When the Manson Family came to trial the Tates were represented by Col. Paul Tate. He was the first witness called by the prosecution at the trial of Charles Manson, Susan Atkins, Patricia Krenwinkel and Leslie Van Houten. (Charles Watson would be tried separately at a later date)
Col. Tate identified photographs of Sharon, Abigail Folger, Jay Sebring and Voytek Frykowski and spoke of the last time he saw Sharon.
During the trial Manson and the female defandants caused many disturbances, making statements in unison during the testimony, screaming, threatening witnesses. At one point Manson leap across the defense table in a move to attack the Judge.
The Verdict and the Aftermath
On January 25th, 1971 the jury returned guilty verdicts against all 4 defendants. Charles Manson, Susan Atkins and Patricia Krenwinkel were found guilty of seven counts of first degree murder and one count of conspiracy to commit murder for their roles in the murders at the Tate-Labianca homes. Leslie Van Houten, who had not been present at the Tate house, was found guilty of two counts of first degree murder and one count of conspiracy to commit murder.
On March 29th, 1971 the jury recommended the death penalty on all counts for all four defendants.
As the Clerk read the verdicts the female defendants shouted:
"You have just judged yourselves."
"Better lock your doors and watch your own kids."
"Your whole system is a game. You blind, stupid people.

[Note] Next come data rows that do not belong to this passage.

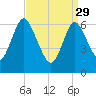 Bayville Bridge tide chart for Wednesday, March 29, 2023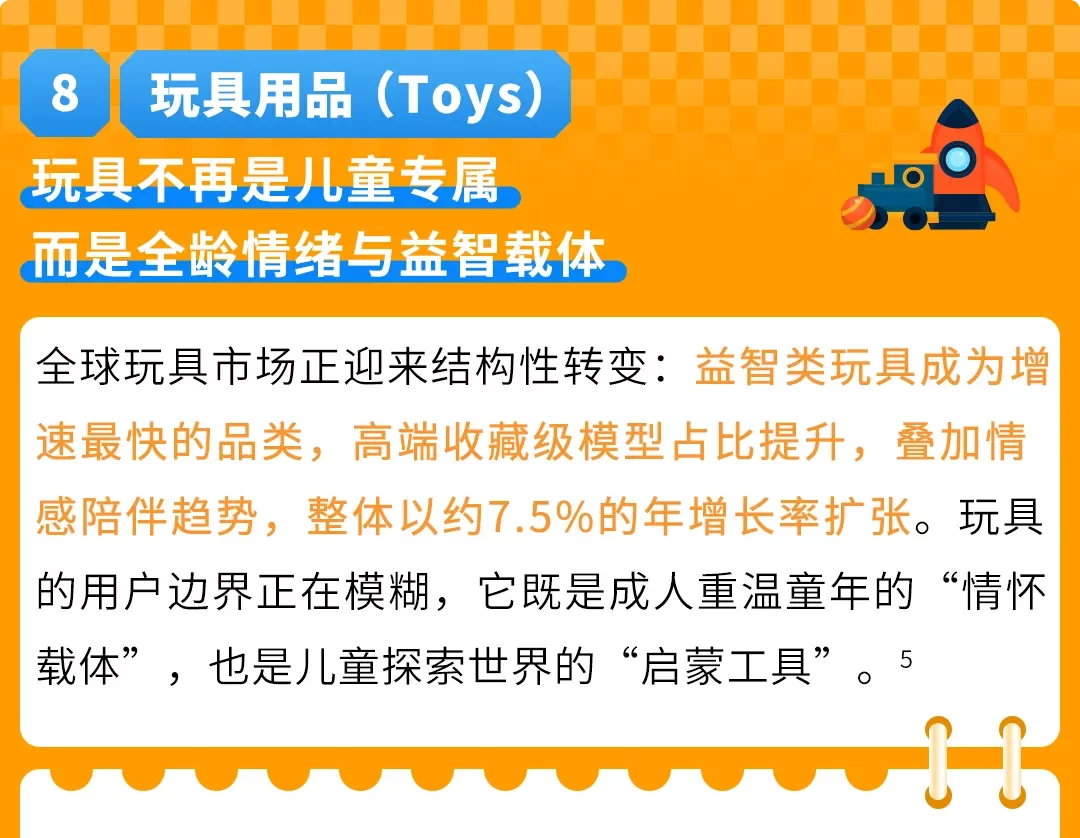 亚马逊内部数据首曝！3大趋势密码，助您撬动万亿商机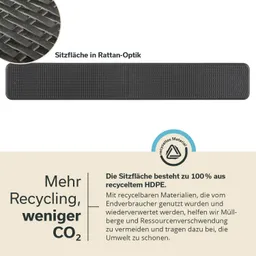 Sitzfläche in Rattan-Optik aus schwarzem Material, darunter Text über Recycling und Umweltschutz. Grafik mit Recycling-Symbol.
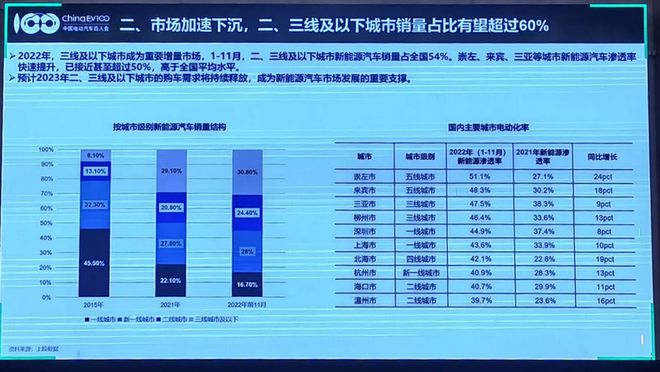 开云 开云体育百人会：预计2023年新能源汽车产销同比增40%(图3)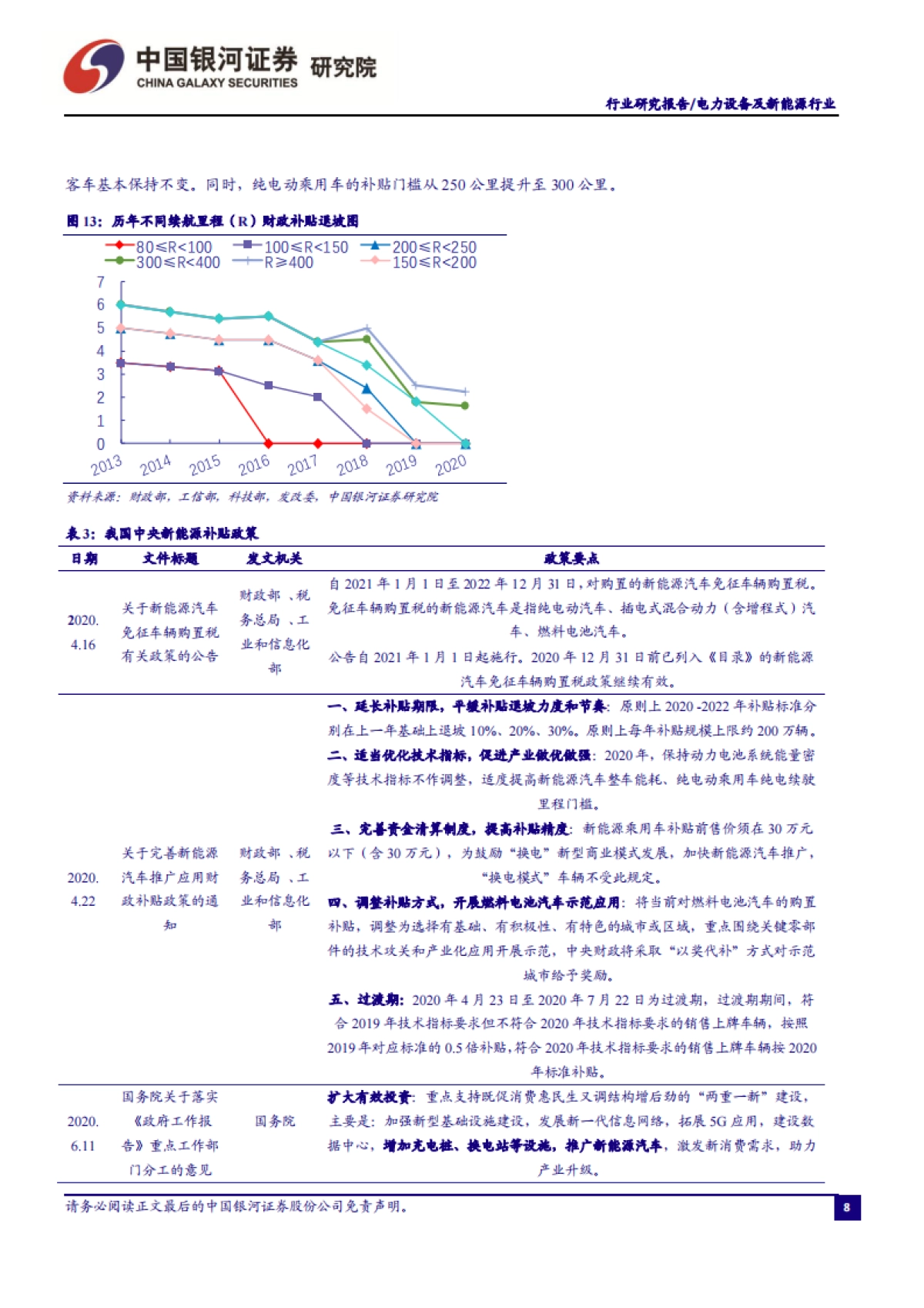 电力设备及新能源行业：乘风破浪，守正出奇_第9页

Your children will turn against you."
On April 19th, 1971 Judge Charles Older sentenced the four defendants to death.
At the time- and indeed until the trial of O.J. Simpson in 1995 -the trial of Manson and the female defendants was the longest jury trial in California history.
Col. Tate said "That's what we wanted. That's what we expected. But there's no jubilation in some thing like this, no sense of satisfaction. It's more a feeling that justice has been done. Naturally, I wanted the death penalty. They took my daughter and my grandchild."
On October 12th, 1971 Charles Watson was found guilty of seven counts of first degree murder and one count of conspiracy to commit murder for the crimes committed at the Tate-Labianca homes.
On October 21st, 1971 the jury recommended the death penalty for Watson as well.
In other proceedings Manson and family members Bruce Davis and Steve Grogan were found guilty in the trial for the murders of Gary Hinman and Donald Shea. They each recieved a life sentence for these murders.
Susan Atkins pled guilty to the murder of Gary Hinman and also recieved an additional sentence of life in prison.
Unfortunately, in Feb. 1972, the death sentences of the Manson Family murderers were overturned by the Supreme Court of California. Their sentences were reduced to life in prison. At the time there was no life sentence without the possibility of parole, therefore every member of the Manson family became eligible for parole after serving only a few years in prison for their crimes.